* _Problem requirements_: Please look for the string "Piece" below and report every line in which it occurs.
━━━━━ The data ━━━━━
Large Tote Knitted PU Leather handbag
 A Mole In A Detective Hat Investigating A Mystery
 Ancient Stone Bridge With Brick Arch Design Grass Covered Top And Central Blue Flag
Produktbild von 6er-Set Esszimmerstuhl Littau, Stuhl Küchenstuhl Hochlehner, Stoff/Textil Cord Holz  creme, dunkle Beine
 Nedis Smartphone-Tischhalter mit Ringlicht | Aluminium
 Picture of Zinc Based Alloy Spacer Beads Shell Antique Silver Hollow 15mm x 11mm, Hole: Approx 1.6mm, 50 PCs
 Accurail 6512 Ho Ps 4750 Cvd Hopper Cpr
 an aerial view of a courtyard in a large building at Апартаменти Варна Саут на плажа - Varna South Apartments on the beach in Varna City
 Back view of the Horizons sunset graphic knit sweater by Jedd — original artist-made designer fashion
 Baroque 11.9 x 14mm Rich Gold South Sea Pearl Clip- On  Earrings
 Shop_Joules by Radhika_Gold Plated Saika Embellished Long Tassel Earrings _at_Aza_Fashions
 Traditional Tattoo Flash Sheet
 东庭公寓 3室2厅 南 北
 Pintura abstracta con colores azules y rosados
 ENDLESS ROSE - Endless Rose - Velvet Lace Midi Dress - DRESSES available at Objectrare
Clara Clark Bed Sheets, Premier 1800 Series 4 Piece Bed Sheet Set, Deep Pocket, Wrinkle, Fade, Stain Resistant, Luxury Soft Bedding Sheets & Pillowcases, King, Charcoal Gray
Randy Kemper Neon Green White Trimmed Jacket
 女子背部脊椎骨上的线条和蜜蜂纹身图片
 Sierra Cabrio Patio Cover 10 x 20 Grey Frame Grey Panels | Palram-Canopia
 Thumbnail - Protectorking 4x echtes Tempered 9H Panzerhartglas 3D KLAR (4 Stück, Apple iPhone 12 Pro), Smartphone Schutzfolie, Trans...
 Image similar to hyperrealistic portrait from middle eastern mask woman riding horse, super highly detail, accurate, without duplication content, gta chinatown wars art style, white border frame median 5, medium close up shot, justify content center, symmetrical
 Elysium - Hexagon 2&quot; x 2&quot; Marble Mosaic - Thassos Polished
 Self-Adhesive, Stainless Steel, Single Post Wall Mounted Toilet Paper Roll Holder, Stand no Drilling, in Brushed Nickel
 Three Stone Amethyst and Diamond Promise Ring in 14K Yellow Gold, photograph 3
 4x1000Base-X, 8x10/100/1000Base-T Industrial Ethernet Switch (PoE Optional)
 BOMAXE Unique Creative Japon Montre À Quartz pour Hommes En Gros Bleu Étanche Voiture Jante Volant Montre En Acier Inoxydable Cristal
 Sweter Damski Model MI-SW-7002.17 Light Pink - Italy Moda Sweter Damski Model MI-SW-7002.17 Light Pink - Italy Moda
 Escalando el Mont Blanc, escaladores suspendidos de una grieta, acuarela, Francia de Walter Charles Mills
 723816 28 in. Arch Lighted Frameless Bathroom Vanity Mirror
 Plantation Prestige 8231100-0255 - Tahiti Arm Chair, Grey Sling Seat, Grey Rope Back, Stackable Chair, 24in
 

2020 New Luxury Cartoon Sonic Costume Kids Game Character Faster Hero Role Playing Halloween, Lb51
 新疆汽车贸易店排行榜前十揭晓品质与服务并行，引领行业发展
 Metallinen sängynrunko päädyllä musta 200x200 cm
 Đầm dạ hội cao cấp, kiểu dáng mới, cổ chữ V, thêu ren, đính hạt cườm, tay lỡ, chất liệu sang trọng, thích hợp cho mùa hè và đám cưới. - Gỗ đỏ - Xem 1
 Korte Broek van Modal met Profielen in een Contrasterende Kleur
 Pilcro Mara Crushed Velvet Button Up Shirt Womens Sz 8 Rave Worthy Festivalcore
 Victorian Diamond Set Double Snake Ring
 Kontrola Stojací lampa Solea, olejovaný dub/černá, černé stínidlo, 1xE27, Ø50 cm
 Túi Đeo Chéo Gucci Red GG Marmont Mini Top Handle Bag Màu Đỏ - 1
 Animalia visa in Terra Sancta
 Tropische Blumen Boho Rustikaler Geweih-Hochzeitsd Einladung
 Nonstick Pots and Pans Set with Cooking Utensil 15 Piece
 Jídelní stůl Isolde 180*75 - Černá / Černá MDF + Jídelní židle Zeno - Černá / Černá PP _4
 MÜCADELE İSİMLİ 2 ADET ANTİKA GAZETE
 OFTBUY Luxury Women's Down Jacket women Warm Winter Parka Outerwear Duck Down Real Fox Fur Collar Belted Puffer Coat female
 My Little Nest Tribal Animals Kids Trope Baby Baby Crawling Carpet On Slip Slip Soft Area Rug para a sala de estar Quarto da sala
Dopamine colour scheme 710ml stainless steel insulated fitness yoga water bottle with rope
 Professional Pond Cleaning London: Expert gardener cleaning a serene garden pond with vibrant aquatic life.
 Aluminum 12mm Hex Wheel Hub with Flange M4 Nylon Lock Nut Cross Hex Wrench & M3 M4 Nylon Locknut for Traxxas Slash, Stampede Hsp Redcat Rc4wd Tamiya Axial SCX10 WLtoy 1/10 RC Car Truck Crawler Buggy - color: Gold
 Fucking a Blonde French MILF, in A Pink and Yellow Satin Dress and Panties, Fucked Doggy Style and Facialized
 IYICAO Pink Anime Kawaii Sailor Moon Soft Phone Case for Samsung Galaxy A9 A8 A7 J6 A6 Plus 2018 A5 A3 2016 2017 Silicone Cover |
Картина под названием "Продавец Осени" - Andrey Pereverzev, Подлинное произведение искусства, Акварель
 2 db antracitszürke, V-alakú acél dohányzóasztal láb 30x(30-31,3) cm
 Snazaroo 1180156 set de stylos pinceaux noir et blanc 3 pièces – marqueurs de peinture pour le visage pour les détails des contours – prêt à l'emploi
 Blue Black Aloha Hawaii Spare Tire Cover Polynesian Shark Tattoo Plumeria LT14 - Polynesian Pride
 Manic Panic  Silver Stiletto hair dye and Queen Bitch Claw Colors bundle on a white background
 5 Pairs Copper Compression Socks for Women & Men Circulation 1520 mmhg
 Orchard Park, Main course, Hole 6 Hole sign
━━━━━
* _Response to the task_:
Clara Clark Bed Sheets, Premier 1800 Series 4 Piece Bed Sheet Set, Deep Pocket, Wrinkle, Fade, Stain Resistant, Luxury Soft Bedding Sheets & Pillowcases, King, Charcoal Gray
 Nonstick Pots and Pans Set with Cooking Utensil 15 Piece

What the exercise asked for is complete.